▸ **WHAT THE EXERCISE ASKS**
Repeat exactly, and only, the lines of the entries below from the one with "istock 3d illustration" through the one with "Mobile application for patients", both ends included.

Stored dataset items
-*-
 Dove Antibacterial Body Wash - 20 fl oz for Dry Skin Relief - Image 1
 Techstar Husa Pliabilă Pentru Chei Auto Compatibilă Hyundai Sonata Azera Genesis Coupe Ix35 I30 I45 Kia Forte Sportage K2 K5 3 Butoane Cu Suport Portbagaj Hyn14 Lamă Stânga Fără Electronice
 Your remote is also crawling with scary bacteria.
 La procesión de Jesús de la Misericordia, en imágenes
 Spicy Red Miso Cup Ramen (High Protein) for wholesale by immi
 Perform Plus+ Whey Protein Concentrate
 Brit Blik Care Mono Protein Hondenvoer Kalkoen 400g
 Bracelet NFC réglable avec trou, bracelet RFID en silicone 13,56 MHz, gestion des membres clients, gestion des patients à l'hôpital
-*-
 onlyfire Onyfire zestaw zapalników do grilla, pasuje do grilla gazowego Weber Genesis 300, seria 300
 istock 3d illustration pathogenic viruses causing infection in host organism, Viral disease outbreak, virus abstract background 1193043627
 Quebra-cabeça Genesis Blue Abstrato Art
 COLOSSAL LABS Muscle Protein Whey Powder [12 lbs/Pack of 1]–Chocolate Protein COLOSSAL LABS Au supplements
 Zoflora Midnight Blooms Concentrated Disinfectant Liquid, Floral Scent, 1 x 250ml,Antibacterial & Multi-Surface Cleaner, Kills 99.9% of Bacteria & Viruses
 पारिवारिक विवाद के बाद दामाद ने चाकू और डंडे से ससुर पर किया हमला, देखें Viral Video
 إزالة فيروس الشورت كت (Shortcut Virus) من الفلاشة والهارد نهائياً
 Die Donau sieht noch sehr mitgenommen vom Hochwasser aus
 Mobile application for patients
-*-
▸ **SOLUTION**
 istock 3d illustration pathogenic viruses causing infection in host organism, Viral disease outbreak, virus abstract background 1193043627
 Quebra-cabeça Genesis Blue Abstrato Art
 COLOSSAL LABS Muscle Protein Whey Powder [12 lbs/Pack of 1]–Chocolate Protein COLOSSAL LABS Au supplements
 Zoflora Midnight Blooms Concentrated Disinfectant Liquid, Floral Scent, 1 x 250ml,Antibacterial & Multi-Surface Cleaner, Kills 99.9% of Bacteria & Viruses
 पारिवारिक विवाद के बाद दामाद ने चाकू और डंडे से ससुर पर किया हमला, देखें Viral Video
 إزالة فيروس الشورت كت (Shortcut Virus) من الفلاشة والهارد نهائياً
 Die Donau sieht noch sehr mitgenommen vom Hochwasser aus
 Mobile application for patients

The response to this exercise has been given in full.